I have a question about training in pytorch.
There is a pseudo code that I wanna ask.

model1 = Net()
model2 = copy.deepcopy(model1)

optimizer1 = torch.optim(model1.parameters(), lr)
optimizer2 = torch.optim(model2.parameters(), lr)

for i in range(dataset):

    x = random(dataset[i])
    y = dataset[i]

    update_step1(model1, optimizer1, x, y)
    update_step2(model2, optimizer2, x, y)

I thought this would be updated separately in each function(update_step1, 2), but the two values were the same.

How should I do to train model at the same time?
Note that the reason for doing this at the same time is to give the same random X value both models.

Thank you.

ptrblck · July 7, 2021, 5:59am

Your code should work and both models as well as optimizers would be independent.
However, if you don’t have any randomness in the models and are also feeding the same data as well as target into them, the training might be equal (unless non-deterministic operations are used internally with an undefined order of ops).
Here is a small example:

def check_models(model1, model2):
    for (name1, param1), (name2, param2) in zip(model1.named_parameters(),
                                                model2.named_parameters()):
        print('name {}, is equal {}'.format(
            name1, torch.allclose(param1, param2)))

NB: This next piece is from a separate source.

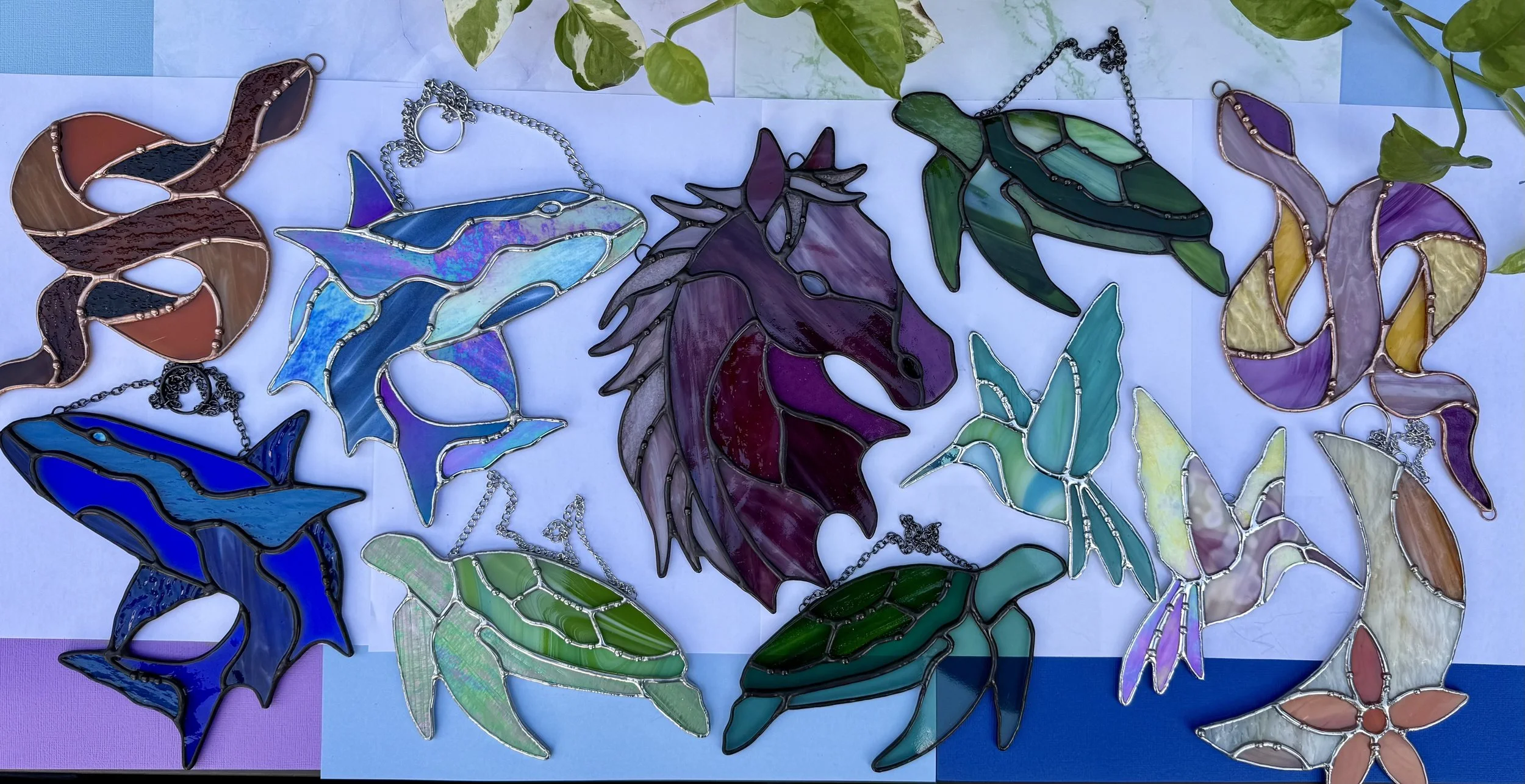 Colorful stained glass art pieces shaped like sea creatures including dolphins, a whale, a seahorse, a turtle, and a butterfly, displayed on a multicolored background. Green leaves are visible at the top.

def update_step(model, optimizer, x, y):
    optimizer.zero_grad()
    output = model(x)
    loss = F.mse_loss(output, y)
    loss.backward()
    optimizer.step()


model1 = nn.Sequential(
    nn.Linear(10, 10),
    nn.ReLU(),
    #nn.Dropout(),
    nn.Linear(10, 10)
)
model2 = copy.deepcopy(model1)

check_models(model1, model2)

lr = 1e-3
optimizer1 = torch.optim.SGD(model1.parameters(), lr)
optimizer2 = torch.optim.SGD(model2.parameters(), lr)


for i in range(2):
    x = torch.randn(10, 10)
    y = torch.randn(10, 10)

    update_step(model1, optimizer1, x, y)
    update_step(model2, optimizer2, x, y)
    check_models(model1, model2)

As you can see, the updated parameters will be the same unless I enable the dropout layer in the model.